» Exercise instructions:
Each line in the material below, starting at the one that contains "Present Ribbon Silk" and ending at the one that contains "Majestic Stag:Power Amidst", should be repeated exactly; the pictures should not.

» Entries supplied:

⁂

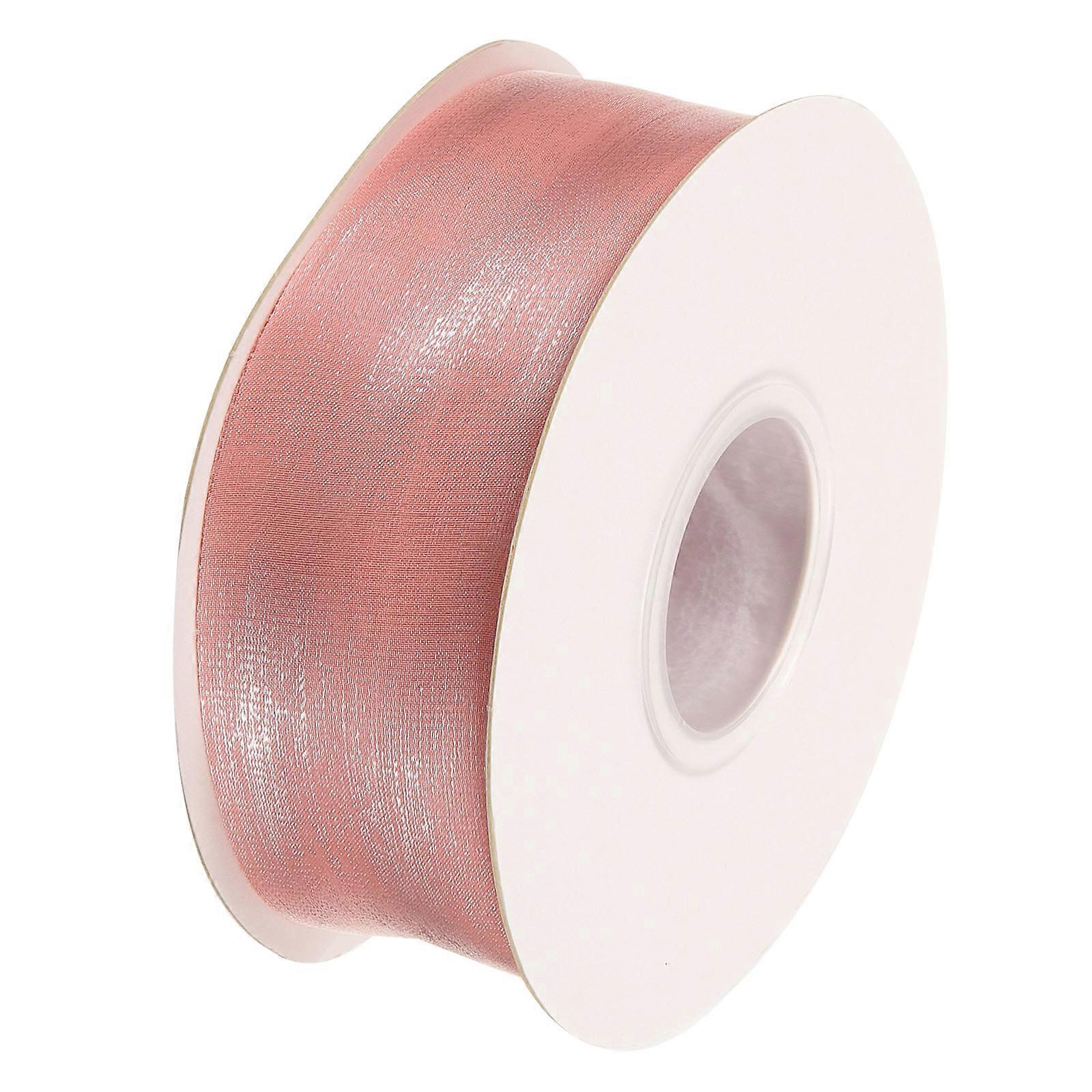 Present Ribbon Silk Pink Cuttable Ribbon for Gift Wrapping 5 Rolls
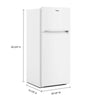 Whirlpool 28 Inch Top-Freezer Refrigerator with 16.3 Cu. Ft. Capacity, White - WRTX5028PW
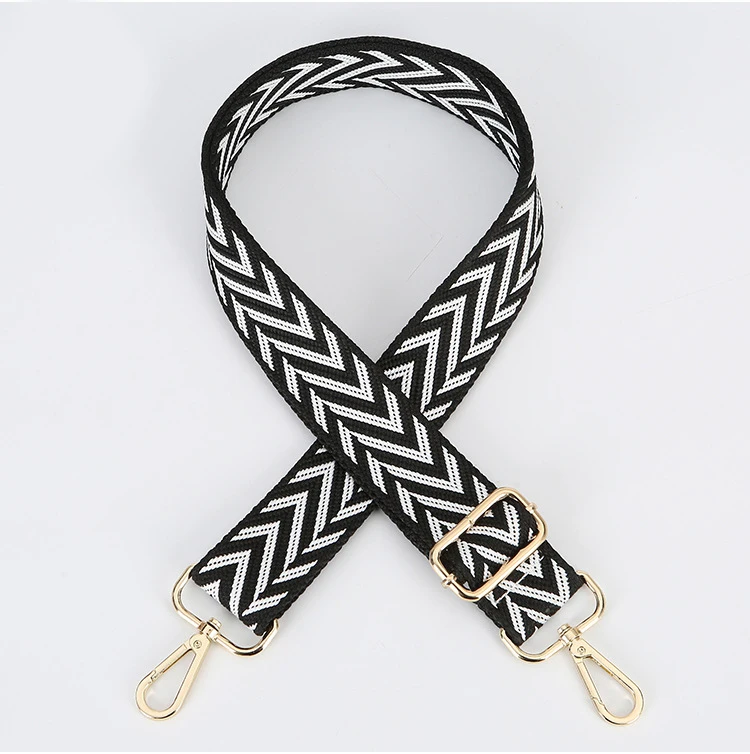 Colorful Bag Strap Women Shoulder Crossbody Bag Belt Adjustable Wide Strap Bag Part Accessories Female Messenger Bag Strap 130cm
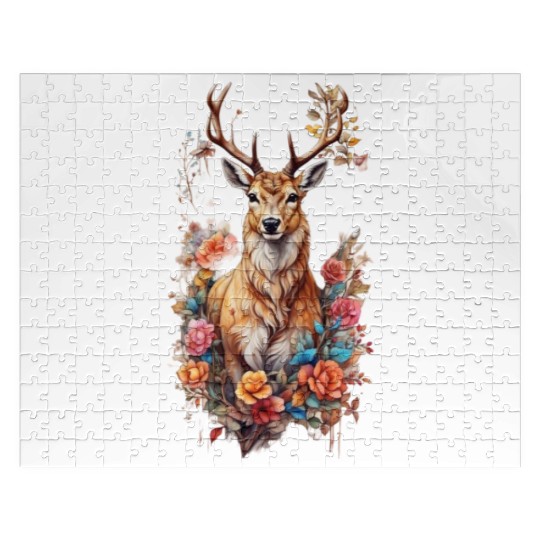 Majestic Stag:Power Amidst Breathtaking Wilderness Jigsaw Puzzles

⁂

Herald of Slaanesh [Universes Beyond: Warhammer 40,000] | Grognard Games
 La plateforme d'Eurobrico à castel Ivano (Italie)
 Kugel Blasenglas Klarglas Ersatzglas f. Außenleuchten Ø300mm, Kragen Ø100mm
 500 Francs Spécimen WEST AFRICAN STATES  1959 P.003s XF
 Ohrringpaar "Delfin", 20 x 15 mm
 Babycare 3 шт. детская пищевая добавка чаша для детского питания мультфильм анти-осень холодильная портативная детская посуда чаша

⁂

» Output for this exercise:
 Present Ribbon Silk Pink Cuttable Ribbon for Gift Wrapping 5 Rolls
 Whirlpool 28 Inch Top-Freezer Refrigerator with 16.3 Cu. Ft. Capacity, White - WRTX5028PW
 Colorful Bag Strap Women Shoulder Crossbody Bag Belt Adjustable Wide Strap Bag Part Accessories Female Messenger Bag Strap 130cm
 Majestic Stag:Power Amidst Breathtaking Wilderness Jigsaw Puzzles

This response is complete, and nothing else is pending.